IDFL do not take into account the moisture resistance, after all it's "only" a 2000 euro test/unite! James came to this conclusion by him self.
The IDFL test is done at +5C (41F) with a relative humidity of 40%. The thing about this is, that our sleeping bag line, starts out at the freezing point 0C (32F), and then drops down to -45C (49F), so one could argue, that it's senseless to test at +5 and with 40% humidity.
But there are several other interesting points in the EN 13537 test, that needs to be known to the users:
The first point is, that there are a difference in the surface of the dummy's, between the different labs. The IDFL test is done with a dummy of 1.67m2 with a weight of 20kg and with 35 sensors - zones. Other dummys are 1.48m2 with 20 sensors, and the test is done at -10c (14F). Skin temperature is 33c in the first case and 34c in the second.
From this one can draw the conclusion, that test results can not be compared between different labs.
The second point is, that there are no "policing", or control, with the claims published. Any body can claim what they want, and as they are not obliged to make documented proof, anybody can actually claim what ever they like.
And this is the reason why we publish the documented proof as a PDF on each page of sleeping bags on our site. You get the report, and have proof that it's done, but secondly you get a document that allows you to compare to other claims. If there are no control of the claims done, by the commission, then it's up to the users/consumers, to force documented proof out of manufacturers when ever a claim is made.
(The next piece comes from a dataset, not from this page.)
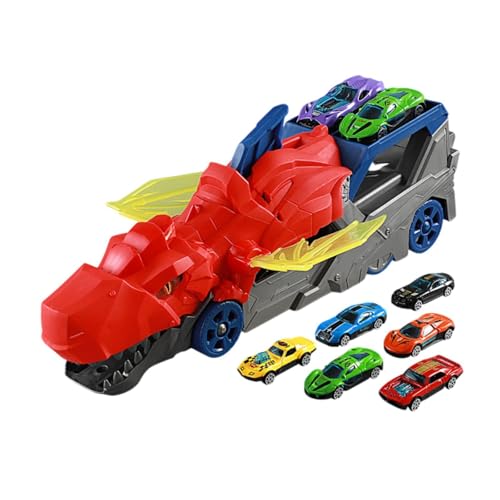 TTETTZ Dinosaurier Rennbahn mit Transportfahrzeug Und Spielzeugauto für Kinder, Rot mit 6 Autos von TTETTZ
There are another point, that's interesting, and related to the above: As there are properly a deliberate mess between the labs, it's known that some labs offers better test results than others, and as ONE test is invoiced 2000Euros, it quickly becomes a "offer/demand" issue: you pay...you get.
Rumors even has it, that EN 13537 test are made in country's, where there are officially no dummy. So, if I claim: Test result 5F (limit of comfort)"according to the EN13537 norm" then nobody should take it for cash money.
But, I will admit, that the basic EN13537 norm idea, is a step in the right direction.
But this step is not finished yet, until the norm and the claims made in it's name, is under control. It's the wild west.
The UIAA control's hard wear climbing equipment claims, and go in and certify the gear. Makes sence: Your rope has to resist, as your helmet and harness and biners....Any body can understand, that this is vital and life saving.
To be hit by a falling rock, can have deadly a consequence, but where's the difference, if a non experienced outdoor/climber believes his gear can hold a negative 20, and discovers that once 3 days in, that at 0 it's on the limit? At times it's impossible to back out! (And I personally know from experience how this feels)
The UIAA, should take their responsibility, and propose a test in their own lab, specially once it comes to expedition and winter oriented sleeping bags.